Specify the number of background workers (parallel workers) that the COPY COMMAND should use to simultaneously perform data conversion, table creation, and index creation. This option can dramatically reduce the time for loading a large amount of data on instances that runs on multiple processor machines.

The optimal value depends on the server, client, and network configurations. The number of CPU cores and disk configuration also affect the optimal value. The number of CPU cores of the server is recommended as the initial value to try. Naturally, if a value that is too large is used, performance degradation will occur due to thrashing and context switching.

Specify a value from 2 to 128. The default is 2.

-t table
--table=table

Complete the prepared transactions only for the specified table.

-?
--help

Show how to use pgx_loader command line arguments, and exit.

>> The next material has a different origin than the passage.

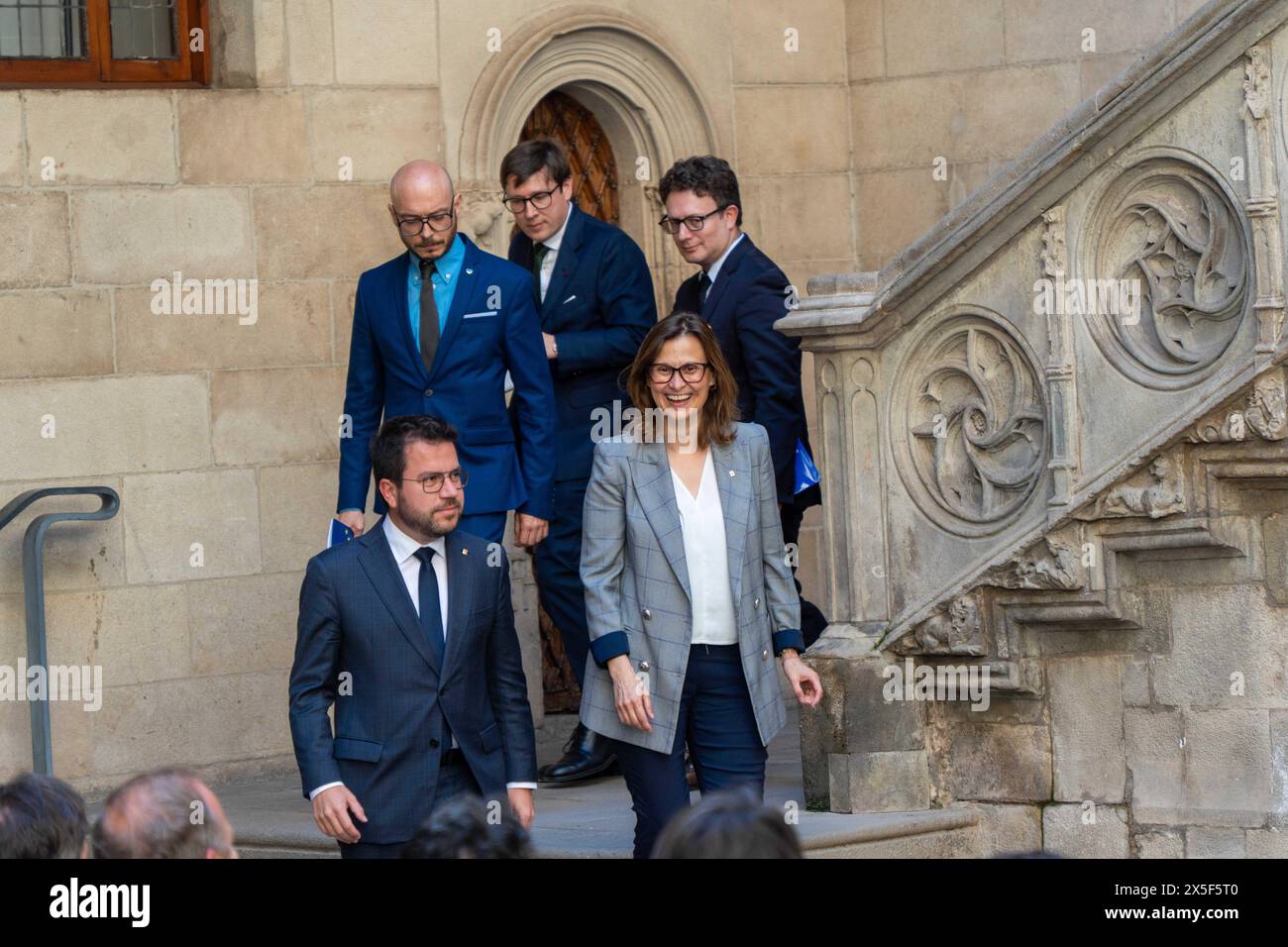 El govern de la Generalitat celea el Día de Europa en el Palau de la Generalitat con el cónsul de Bruselas, el encargado de la sede la UE y el Director de la Comisión Europea en Cataluña. Le gouvernement de la Generalitat célèbre la Journée de l'Europe au Palau de la Generalitat avec le consul de Bruxelles, le représentant du siège de l'UE et le directeur de la Commission européenne en Catalogne. Sur la photo : pere aragones, MERITXELL SERRET News Politics -Barcelone, Espagne jeudi 9 mai 2024 (photo par Eric Renom/LaPresse) Banque D'Images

The command line options below control the database connection parameters.

-d connstr
--dbname=connstr

Specify the database name to connect to.

If this option is not specified, the PGDATABASE environment variable will be used. If the environment variable is not set, your operating-system user name will be used.

-h host
--host=host

Specify the host name of the machine the database server runs on. If the specified value starts with a slash, it will be used as the directory for a Unix domain socket.

If this option is not specified, the PGHOST environment variable will be used. If the environment variable is not set, it will be considered a Unix domain socket connection.

-p port
--port=port

Specify the TCP port to be used by the server to monitor the connection, or extension of the local Unix domain socket file.

If this option is not specified, the PGPORT environment variable will be use. If the environment variables is not set, 27500 will be used.

-U username
--username=username

User name for connection to the database.

-w
--no-password

Never prompt for the password. If the server requires password authentication but other means (such as a .pgpass file) are not available, the connection attempt will fail. This option can be useful in batch jobs, scripts, and so on, where no user is present to enter a password.

-W
--password

Force pgx_loader to prompt for the password before connecting to the database. This option is never essential, since pgx_loader will automatically prompt for the password if the server demands password authentication. However, pgx_loader will waste a connection attempt finding out if the server requires a password. In some cases it is worth specifying this option to avoid the extra connection attempt.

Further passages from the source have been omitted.